The NHL welcomed three giants of the game and one of the winningest coaches of the past two decades into the Hockey Hall of Fame Monday night in Toronto.
Eric Lindros, Sergei Makarov, and Rogie Vachon entered as players, while the late Pat Quinn joined them in the Builder Category. Bob Verdi and Sam Rosen received recognition for their media contributions.
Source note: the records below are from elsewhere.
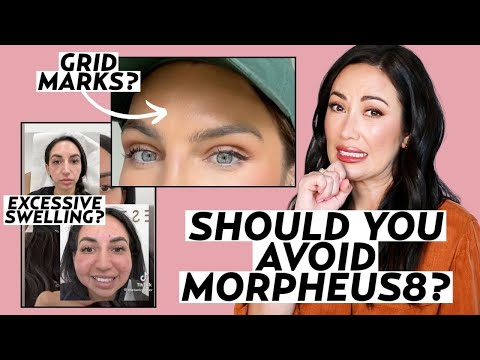Morpheus8 Treatment: Dermatologists Explain Radiofrequency Microneedling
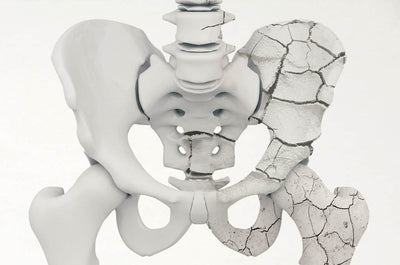 What Happens to Your Body When You Have Calcium Deficiency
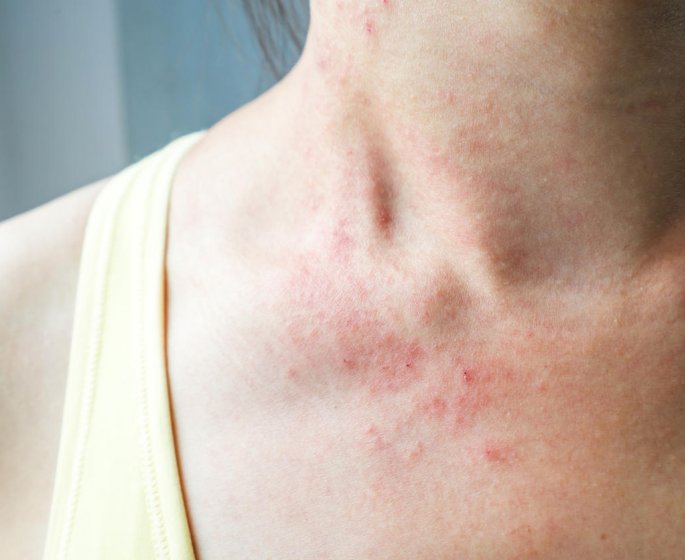 Eczema allergique : les symptomes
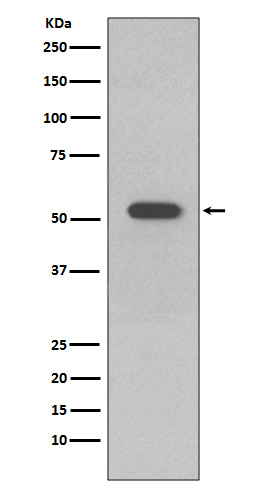 Cytokeratin 10 Rabbit mAb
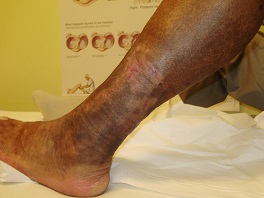 lábszárfekély gyógyulás közben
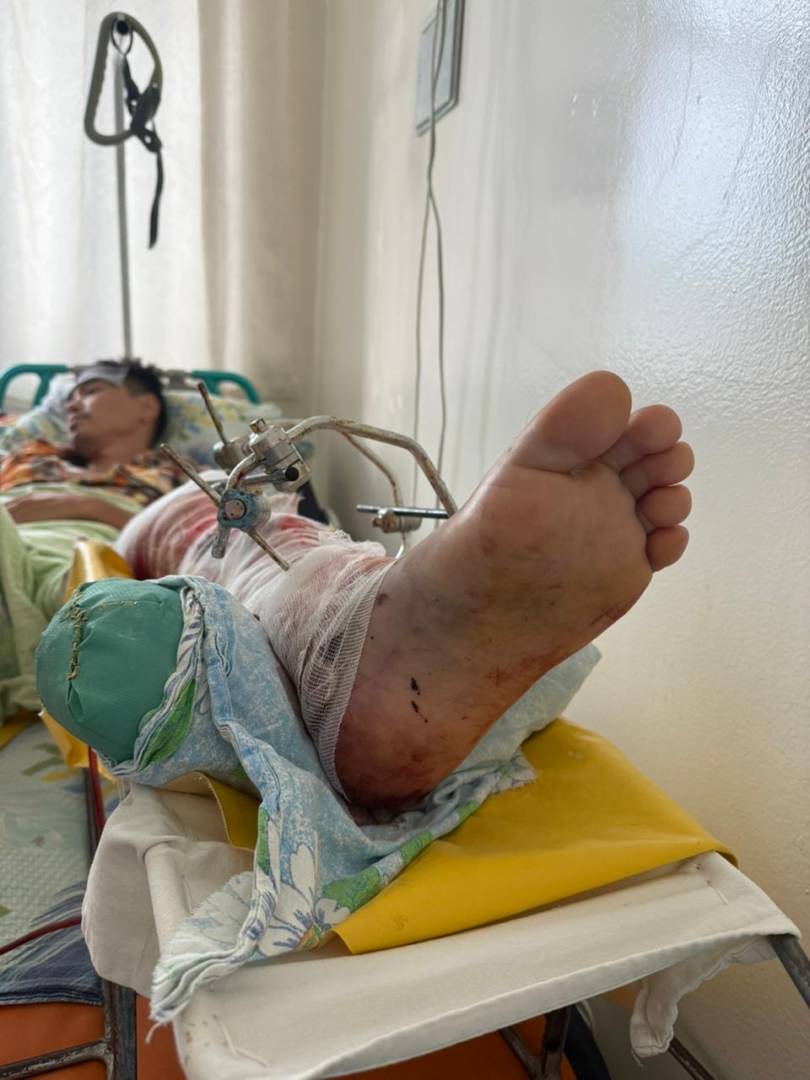 Сотрудника завода «СарыаркаАвтоПром», на которого наехал погрузчик, перевели в больницу Астаны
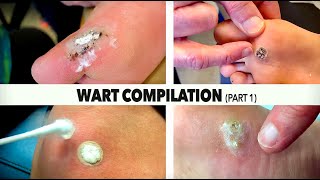 WART BURNING COMPILATION Part 14  Dr Paul [upl. by Terence742]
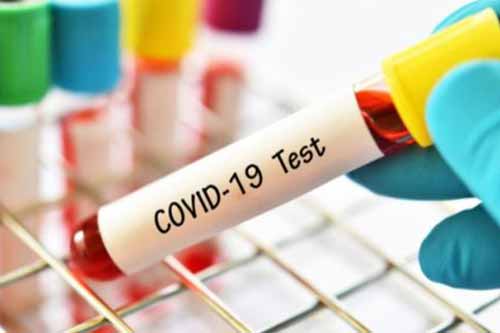 На Полтавщині виявили 104 нові випадки захворювання на COVID-19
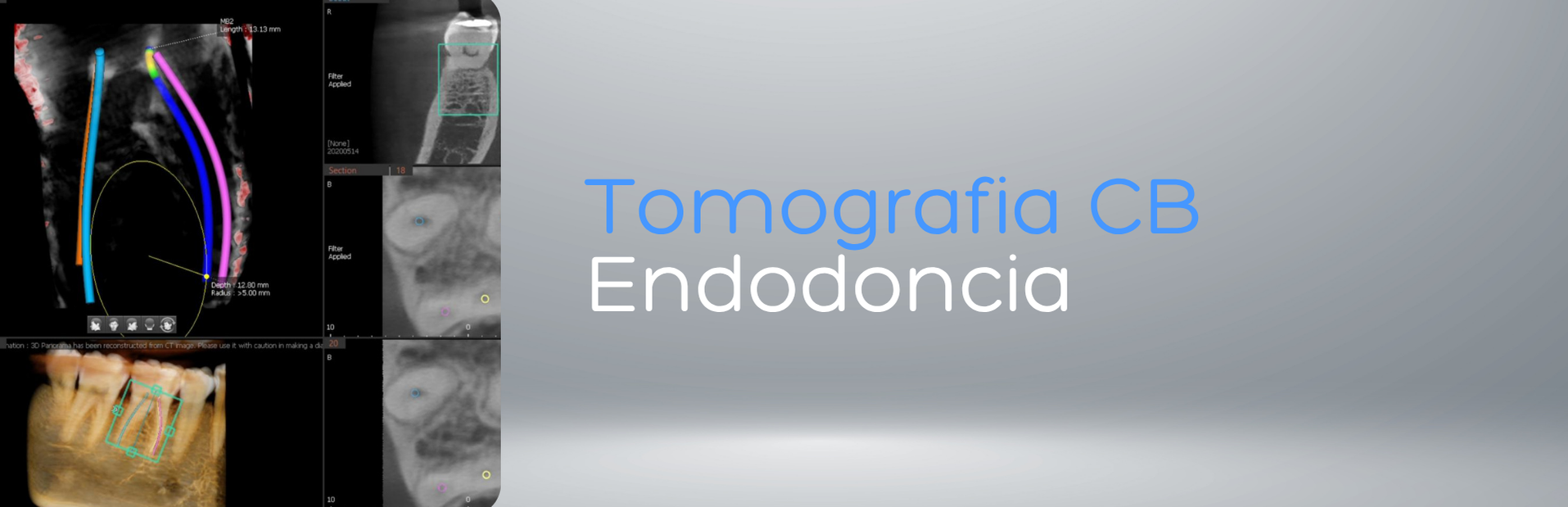 Radiografía Panorámica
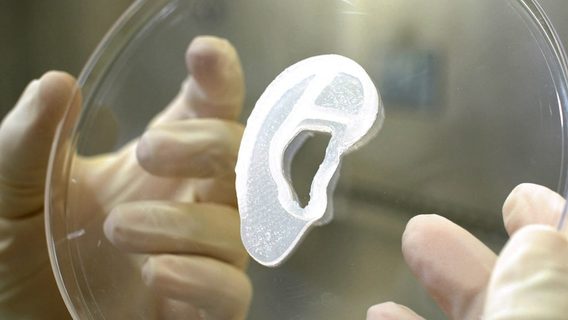 Врачи пересадили пациентке ухо, напечатанное из её собственных клеток на 3D-принтере 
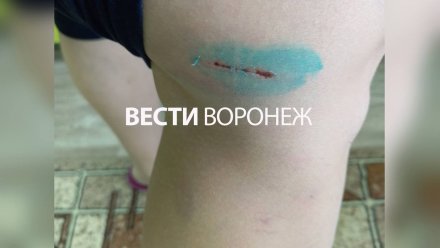 В центре Воронежа свора бездомных собак набросилась на прохожую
Lindros and Makarov amassed five Olympic gold medals between them, the former with three. Lindros’ effect on the game reached outside the rink, though, and has since become an advocate for concussion awareness after dealing with multiple injuries throughout his 13-year career. That’s part of the reason it took seven tries to gain admission to the Hall. One argument against him was that he only played in 760 games; however, he did score 372 goals and amass 865 points in that span.
Vachon, a three-time NHL All-Star, spent 17 years as a goalie, winning three Stanley Cup championships. With 355 wins, he retired fifth all-time in the NHL.
It’s been nearly two years since Quinn passed, but he finally got his moment. The player-turned-coach has the fifth-most wins of any (684) in 20 years of coaching, and set NHL’s longest undefeated streak (35 games) while coaching the Flyers (1979-80).
Longtime New York Rangers broadcaster Sam Rosen, his iconic call of the Blueshirts’ 1994 Stanley Cup championship and all, was inducted into the Hockey Hall of Fame as a “Media Honouree”, receiving the Foster Hewitt Memorial Award for outstanding contributions as a hockey broadcaster.
Chicago-based writer Bob Verdi received the Elmer Ferguson Award for excellence in hockey journalism. It’s an honor nearly 50 years in the making for Verdi, a versatile and sharp-witted writer who worked for the Tribune full time from 1967-97 and as a weekly columnist until 2009. He has written six books and was named Sportswriter of the Year in Illinois 19 times.
Congratulations to the class of 2016.